*Task instructions*
Where does the word "Weiß" occur in the entries below? Copy every line that has it.

[Saved entries]
━━━━━━
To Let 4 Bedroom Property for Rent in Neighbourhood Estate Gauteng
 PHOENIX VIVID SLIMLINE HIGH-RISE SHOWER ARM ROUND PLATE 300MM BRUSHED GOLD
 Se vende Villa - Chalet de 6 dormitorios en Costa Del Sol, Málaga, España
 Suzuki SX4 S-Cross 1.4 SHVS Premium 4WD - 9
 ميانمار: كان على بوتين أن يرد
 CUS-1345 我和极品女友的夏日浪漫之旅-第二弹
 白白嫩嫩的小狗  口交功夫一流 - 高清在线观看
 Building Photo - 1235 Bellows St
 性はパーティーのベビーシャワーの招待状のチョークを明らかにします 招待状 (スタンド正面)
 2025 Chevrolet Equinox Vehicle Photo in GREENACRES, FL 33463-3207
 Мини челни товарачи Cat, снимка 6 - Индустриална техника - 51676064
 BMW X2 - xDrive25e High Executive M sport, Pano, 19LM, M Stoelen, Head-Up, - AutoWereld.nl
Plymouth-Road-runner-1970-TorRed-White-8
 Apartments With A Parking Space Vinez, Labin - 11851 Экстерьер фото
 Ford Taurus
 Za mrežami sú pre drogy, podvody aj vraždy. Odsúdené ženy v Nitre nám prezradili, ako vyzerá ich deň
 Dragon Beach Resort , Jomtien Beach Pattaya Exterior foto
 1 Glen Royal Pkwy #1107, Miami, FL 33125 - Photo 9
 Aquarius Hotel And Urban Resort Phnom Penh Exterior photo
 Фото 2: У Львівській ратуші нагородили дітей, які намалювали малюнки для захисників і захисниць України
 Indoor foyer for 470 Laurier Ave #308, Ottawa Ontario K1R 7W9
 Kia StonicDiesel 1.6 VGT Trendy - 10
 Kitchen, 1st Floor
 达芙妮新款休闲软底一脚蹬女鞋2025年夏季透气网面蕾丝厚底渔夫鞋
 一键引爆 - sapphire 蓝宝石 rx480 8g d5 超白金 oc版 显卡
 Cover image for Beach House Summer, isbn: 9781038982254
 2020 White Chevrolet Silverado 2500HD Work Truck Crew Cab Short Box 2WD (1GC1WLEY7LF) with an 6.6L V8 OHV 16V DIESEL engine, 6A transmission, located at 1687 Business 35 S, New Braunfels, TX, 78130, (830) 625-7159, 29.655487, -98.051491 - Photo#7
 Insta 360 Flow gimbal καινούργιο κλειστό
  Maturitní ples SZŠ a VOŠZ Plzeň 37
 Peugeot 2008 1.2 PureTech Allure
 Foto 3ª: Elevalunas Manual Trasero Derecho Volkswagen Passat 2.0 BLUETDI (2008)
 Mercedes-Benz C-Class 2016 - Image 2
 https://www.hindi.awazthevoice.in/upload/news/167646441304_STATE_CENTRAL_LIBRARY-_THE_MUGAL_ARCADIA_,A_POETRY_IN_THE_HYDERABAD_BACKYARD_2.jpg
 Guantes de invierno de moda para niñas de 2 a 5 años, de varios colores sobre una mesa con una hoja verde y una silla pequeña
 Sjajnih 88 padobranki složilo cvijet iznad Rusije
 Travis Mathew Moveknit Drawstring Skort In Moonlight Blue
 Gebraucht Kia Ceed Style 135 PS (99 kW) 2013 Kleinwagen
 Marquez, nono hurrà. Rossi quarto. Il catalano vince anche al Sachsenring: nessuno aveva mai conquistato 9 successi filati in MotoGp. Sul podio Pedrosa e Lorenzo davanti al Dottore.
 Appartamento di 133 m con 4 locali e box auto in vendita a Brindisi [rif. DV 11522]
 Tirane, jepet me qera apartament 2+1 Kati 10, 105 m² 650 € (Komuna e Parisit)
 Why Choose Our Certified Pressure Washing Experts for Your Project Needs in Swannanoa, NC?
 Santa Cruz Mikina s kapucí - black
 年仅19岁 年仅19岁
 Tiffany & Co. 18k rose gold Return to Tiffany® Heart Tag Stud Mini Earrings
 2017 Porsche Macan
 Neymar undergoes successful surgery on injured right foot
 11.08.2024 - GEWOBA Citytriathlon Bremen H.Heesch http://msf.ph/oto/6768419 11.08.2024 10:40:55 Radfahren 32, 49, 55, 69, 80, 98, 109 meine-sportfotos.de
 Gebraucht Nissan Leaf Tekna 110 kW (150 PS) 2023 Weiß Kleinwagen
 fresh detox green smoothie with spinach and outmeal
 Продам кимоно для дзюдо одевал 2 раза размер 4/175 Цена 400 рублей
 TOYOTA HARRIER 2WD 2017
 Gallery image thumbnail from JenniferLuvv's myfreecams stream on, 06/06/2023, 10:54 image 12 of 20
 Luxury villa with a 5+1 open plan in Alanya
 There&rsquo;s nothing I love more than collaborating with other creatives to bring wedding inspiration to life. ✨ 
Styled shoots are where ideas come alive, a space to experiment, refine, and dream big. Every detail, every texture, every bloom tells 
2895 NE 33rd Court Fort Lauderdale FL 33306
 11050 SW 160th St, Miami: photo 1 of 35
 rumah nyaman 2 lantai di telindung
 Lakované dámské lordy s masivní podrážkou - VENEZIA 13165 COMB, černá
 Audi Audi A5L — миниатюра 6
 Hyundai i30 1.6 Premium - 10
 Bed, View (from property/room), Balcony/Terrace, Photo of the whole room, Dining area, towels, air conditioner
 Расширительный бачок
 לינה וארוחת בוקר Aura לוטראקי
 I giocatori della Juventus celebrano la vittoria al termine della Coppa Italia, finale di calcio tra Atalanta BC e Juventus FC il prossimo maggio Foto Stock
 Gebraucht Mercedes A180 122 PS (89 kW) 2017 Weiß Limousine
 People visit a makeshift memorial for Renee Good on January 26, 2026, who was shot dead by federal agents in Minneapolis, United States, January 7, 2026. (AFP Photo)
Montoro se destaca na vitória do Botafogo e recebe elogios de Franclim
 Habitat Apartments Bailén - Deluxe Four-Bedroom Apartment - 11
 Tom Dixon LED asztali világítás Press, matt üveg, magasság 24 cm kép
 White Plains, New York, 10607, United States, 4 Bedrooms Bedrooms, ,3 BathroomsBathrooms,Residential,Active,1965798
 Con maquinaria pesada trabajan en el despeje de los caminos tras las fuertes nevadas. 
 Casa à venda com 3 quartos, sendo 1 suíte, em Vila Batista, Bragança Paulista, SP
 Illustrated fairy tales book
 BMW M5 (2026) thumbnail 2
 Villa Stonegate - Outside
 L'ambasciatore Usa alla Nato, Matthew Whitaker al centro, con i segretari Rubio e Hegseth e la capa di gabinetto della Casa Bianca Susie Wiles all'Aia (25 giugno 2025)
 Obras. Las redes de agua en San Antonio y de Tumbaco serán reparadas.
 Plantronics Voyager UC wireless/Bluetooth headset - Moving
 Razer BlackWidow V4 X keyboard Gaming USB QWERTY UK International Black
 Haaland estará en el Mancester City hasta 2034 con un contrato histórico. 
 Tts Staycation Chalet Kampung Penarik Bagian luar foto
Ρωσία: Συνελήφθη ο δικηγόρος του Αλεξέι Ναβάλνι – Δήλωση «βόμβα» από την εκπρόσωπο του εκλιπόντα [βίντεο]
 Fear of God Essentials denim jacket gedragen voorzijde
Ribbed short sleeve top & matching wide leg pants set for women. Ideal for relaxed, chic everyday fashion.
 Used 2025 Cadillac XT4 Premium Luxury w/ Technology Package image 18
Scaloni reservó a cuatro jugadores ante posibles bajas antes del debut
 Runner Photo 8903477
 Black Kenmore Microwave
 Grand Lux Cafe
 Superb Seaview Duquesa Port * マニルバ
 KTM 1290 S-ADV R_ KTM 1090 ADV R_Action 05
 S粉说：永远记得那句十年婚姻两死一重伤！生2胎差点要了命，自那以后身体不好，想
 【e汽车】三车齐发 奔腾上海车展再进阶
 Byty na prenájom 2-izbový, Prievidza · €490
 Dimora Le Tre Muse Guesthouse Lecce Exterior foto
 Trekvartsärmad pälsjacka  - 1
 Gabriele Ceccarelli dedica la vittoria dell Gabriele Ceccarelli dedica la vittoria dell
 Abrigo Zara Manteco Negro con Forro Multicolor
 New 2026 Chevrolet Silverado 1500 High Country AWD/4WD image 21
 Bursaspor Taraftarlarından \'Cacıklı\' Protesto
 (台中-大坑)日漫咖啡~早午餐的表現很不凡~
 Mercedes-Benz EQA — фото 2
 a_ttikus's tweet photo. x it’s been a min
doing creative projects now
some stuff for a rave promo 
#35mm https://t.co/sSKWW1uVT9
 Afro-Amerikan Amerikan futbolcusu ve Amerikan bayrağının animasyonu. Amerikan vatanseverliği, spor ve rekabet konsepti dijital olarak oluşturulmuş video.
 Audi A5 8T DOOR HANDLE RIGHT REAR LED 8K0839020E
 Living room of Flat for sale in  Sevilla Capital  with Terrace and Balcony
━━━━━━
*Task response*
 Gebraucht Nissan Leaf Tekna 110 kW (150 PS) 2023 Weiß Kleinwagen
 Gebraucht Mercedes A180 122 PS (89 kW) 2017 Weiß Limousine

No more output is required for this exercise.